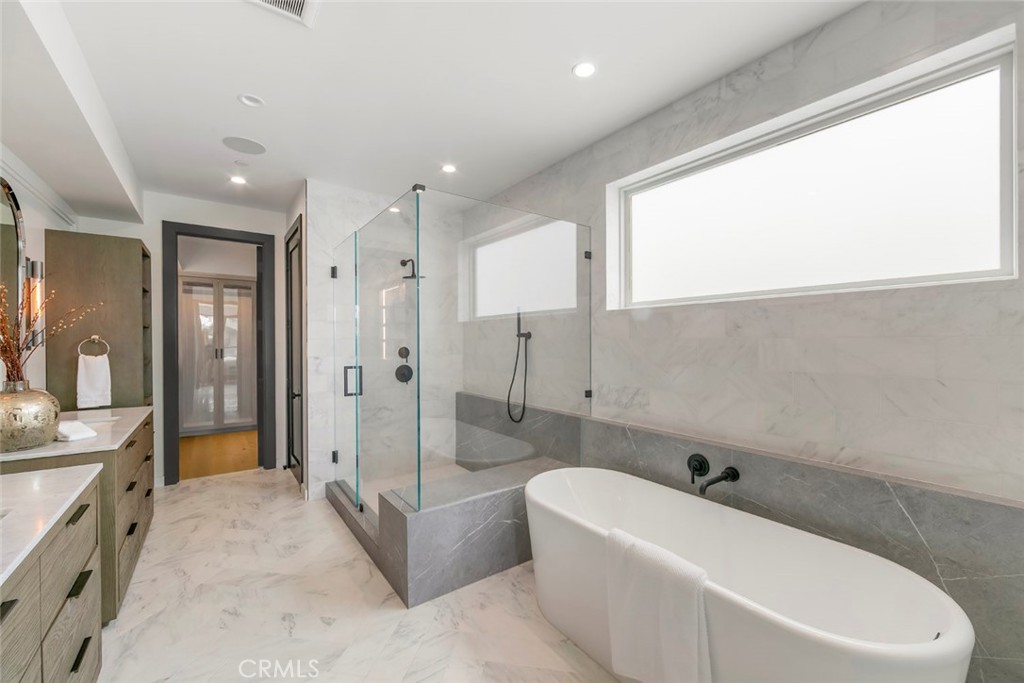 307 14th Street Property Photo 20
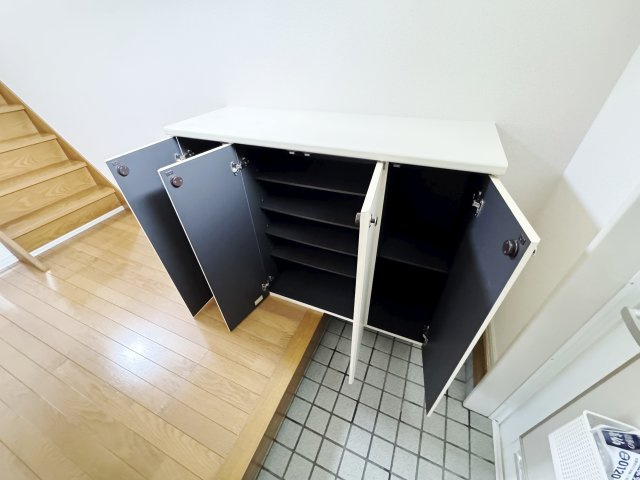 テラス高村B棟の収納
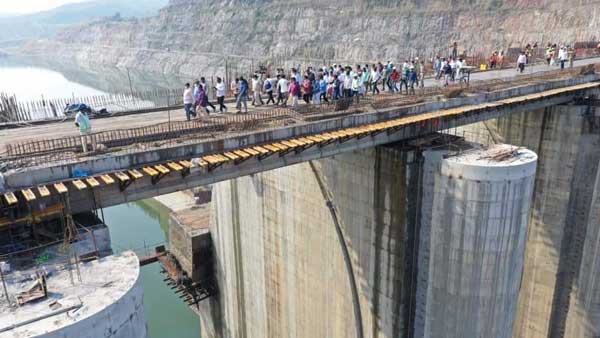 దుమారం చెలరేగుతుండగా..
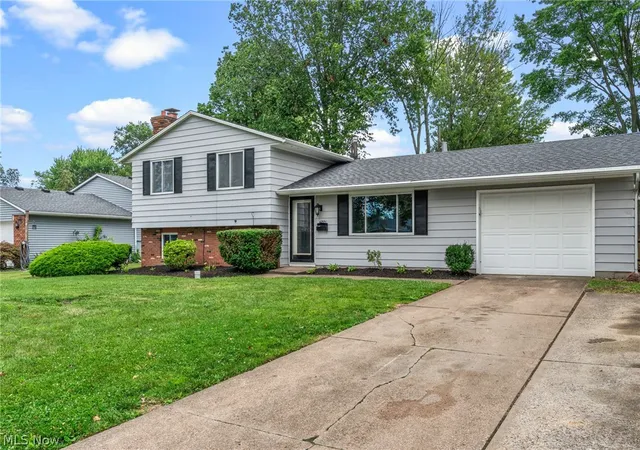 Photo 3 of Sale Pending at 4221 Princess Anne Ct, Lorain, OH 44052 | MLS# 5231954 | Listing updated on 2026-08-31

### WHAT YOU WILL DO
Reproduce the full listing verbatim so that only the pictures are missing.

### ANSWER SECTION
 307 14th Street Property Photo 20
 テラス高村B棟の収納
 దుమారం చెలరేగుతుండగా..
 Photo 3 of Sale Pending at 4221 Princess Anne Ct, Lorain, OH 44052 | MLS# 5231954 | Listing updated on 2026-08-31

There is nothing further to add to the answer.